First of all is the impression frankly all of us have from university: not all people make great presentations. That’s the case for professors and for students even more so. Luckily, there are ways to improve, and rather fast, too.
Okay, this isn’t actually something you can improve overnight, but it’s one of the most important, thereby earning its spot on the list. I’ve heard the most terrible lectures and presentations in here, and I have to say that no matter how interesting the content, all is spoiled if the presenter is unable to pronounce words somewhat correctly. I’m not too keen if I have to guess what the lecturer is trying to say, it makes me feel like a waste to be in the class. Then again, you don’t have to be a native to make a good presentation: I’ve witnessed wonderful presentations by Spaniards, Norwegians, Austrians, Germans and the likes. Most of them weren’t native fluent, but all of them were fluent enough, especially with the content involved. This brings me to my second point:
The content in your head
You don’t need to remember the presentation content off the top of your head – that’s one of the reasons you have the slides. But you should know your rough structure. You should remember after a glance on the screen, what a given slide is about. Standing and reading from the slides and calling it a “presentation” is just silly. I can read for myself, sir, thank you very much. What I want the presenter to tell me is not what the content is, but why it is there in the first place and naturally why it is important.
Face the audience
You’d think this to be obvious? Well, I did too, until I witnessed a couple of dudes presenting with their backs turned on us. That was mainly because they failed the previous part and hadn’t a clue what was in their presentation, but they could’ve still worked this one out. Even if you don’t remember what’s in there, never turn your back! Take a look, then turn your head back in the right direction and speak. Repeat until end of slide. If you can’t remember the whole slide with one look, take it one bullet point at a time, there’s no point in rushing.
Walk the talk
I challenge you to do an exercise: try to stand in one spot in your room for half an hour. Feels stupid, doesn’t it? Now think about what most of the lecturers do? Exactly, they just stand there and never move. Sometimes it makes you feel like they’re trying to audition for the band Talking Heads! Seriously though, moving around makes your presentation that much more interesting. It’d be fascinating to hear the explanation of a psychologist why it is so, as this is just my personal experience. Also, moving is very useful. You can change the slide and then move to the other side of the room, giving your audience time to read through the slide.

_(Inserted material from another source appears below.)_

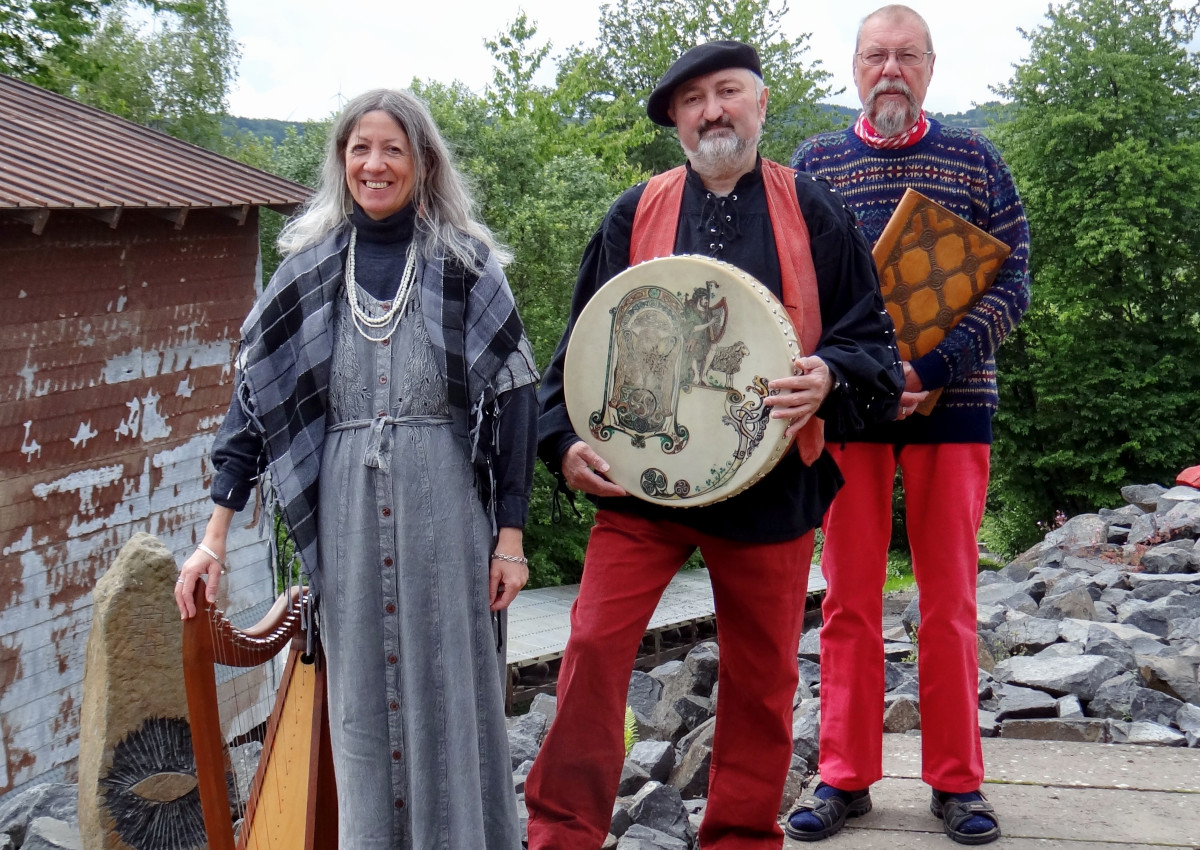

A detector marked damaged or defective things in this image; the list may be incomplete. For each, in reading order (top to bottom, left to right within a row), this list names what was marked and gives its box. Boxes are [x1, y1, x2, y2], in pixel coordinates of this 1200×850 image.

rusty corrugated roof [0, 73, 314, 212]
peeling painted wall [0, 209, 274, 792]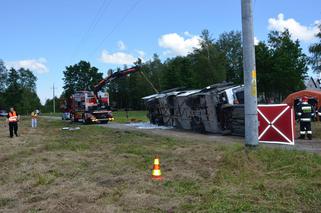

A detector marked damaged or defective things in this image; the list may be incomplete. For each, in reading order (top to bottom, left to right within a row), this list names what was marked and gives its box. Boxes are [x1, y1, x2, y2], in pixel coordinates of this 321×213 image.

overturned white tanker truck [142, 82, 245, 136]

This is very important, but I’ve got to say I’m no pro on the subject. Ask a designer or someone, who actually know stuff about it. Well, one rule I can give: never use just black text on white background without pictures. Never. Ever. Neverevernever. That’ll only make your job as a presenter at least twice as hard.
All in all, the above list could still be expanded a lot, but I’ve found at least these to be important in presenting. There’s hardly any systematic discovery process behind the result, and certainly no knowledge of presentation theory, so if anybody has their two cents to throw in, I’d be happy to hear. Especially if anybody feels I missed something important.
Needless to say, the above factors shouldn’t be too hard to remember, as long as one thinks about them consciously. Getting even the basics right would improve many a presentation tremendously. And as the old adage goes, it’s not just what you say, but also how you say it.